La città in cui vivo

Alle 16 inforco la bicicletta, pedalo per circa venti minuti costeggiando corsi d’acqua e campi coltivati, mi fermo a raccogliere qualche verdura a pagamento che sistemo nelle tasche laterali della bici e sono a casa. Ravvivo la stufa a legna che Lars ha acceso la mattina, dò da mangiare alle ragazze e mi butto sul divano. La mia giornata lavorativa è finita. Accendo una candela e mi godo la quiete della pioggia che comincia a cadere, le ragazze pian piano vengono a farmi compagnia sul divano, prima una, poi due, poi tre. Siamo tutte vicine, pelose e capellute, sprofondate nella morbida pelliccia del copridivano che fa sparire almeno due di loro, perfettamente mimetizzate.

 

Le giornate scorrono lievi, qui.
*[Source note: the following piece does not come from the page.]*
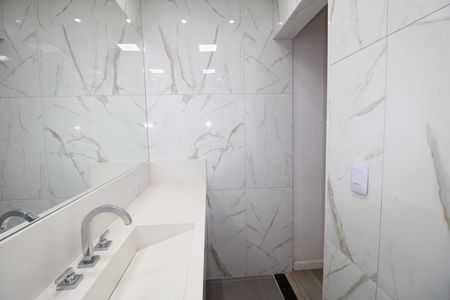 Casa à venda com 284m², 3 quartos e 5 vagasQuarto 1 - Banheiro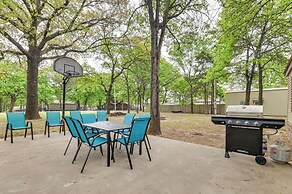 5 Blocks to Beach Access: Sanders Island Getaway!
C’è un’alternanza armoniosa di lavoro manuale e intellettuale, propaggini dell’uno si inseriscono nell’altro senza soluzione di continuità ed io mi sento completa.

 

Sull’isola dove vivo non sono ammesse auto. Ci si sposta in bicicletta, in barca, a piedi. Siamo in 1500 e si conoscono tutti. Io no perché sono arrivata sei mesi fa. Non parlo ancora la lingua, anche se la sto studiando, mi arrangio con l’inglese, qui tutti parlano un inglese eccellente, anche se con accento.

 

La mia casa è costruita in paglia e argilla, ha il tetto di alghe impregnate di sale e i muri spessi 50 cm. E’ costruita con tecniche tradizionali che la rendono perfettamente coibentata e traspirante, oltre che ignifuga. Mi colpisce il fatto che quando entro non sento altro odore se non quello delle erbe della cucina e degli oli essenziali che uso per pulire.

 

Decisi di trasferirmi qui una sera di gennaio mentre guardavo un programma di viaggi alla televisione tedesca quando vivevo in Italia. Fu una folgorazione: mi erano sempre piaciuti i Paesi dell’area scandinava, vuoi per la loro oggettiva superiorità di vita, vuoi per l’affinità estetico-emotiva che ho con i Paesi del nordeuropa per via delle mie origini tedesche.

 

Da tempo ero preoccupata per il mio futuro: per il costo della vita, per la mancanza di prospettive lavorative nel mio Paese alla soglia dei cinquant’anni, per  le nuove normative che l’Unione Europea sfornava a ogni piè sospinto e che stavolta rischiavano di azzerare il valore dell’immobile ereditato dai miei genitori in cui vivevo.

 

In quattro e quattr’otto ho deciso: mi sono candidata per gestire un negozietto di seconda mano specializzato in abiti d’epoca femminili e accessori tessili, ho cercato una camera in affitto nella stessa località, ho caricato in macchina le ragazze e il minimo necessario per vivere felice con le mie piccole comodità e sono partita per la Danimarca.

 

Della mia vecchia casa, troppo grande per me, si occupa una mia amica d’infanzia, l’unica di cui mi fidi veramente per queste cose, occasionalmente mio fratello. Le bollette finiscono direttamente sul mio conto bancario.

 

Col mio lavoro guadagno appena il necessario per sopravvivere, ma è una sfida che tutto sommato non mi pesa. Fortunatamente non ho grandi vizi, i beni accumulati nella mia vita precedente bastano fino alla fine dei miei giorni e oltre.

Tra sei mesi deciderò se vendere la mia vecchia casa con tutto il suo contenuto.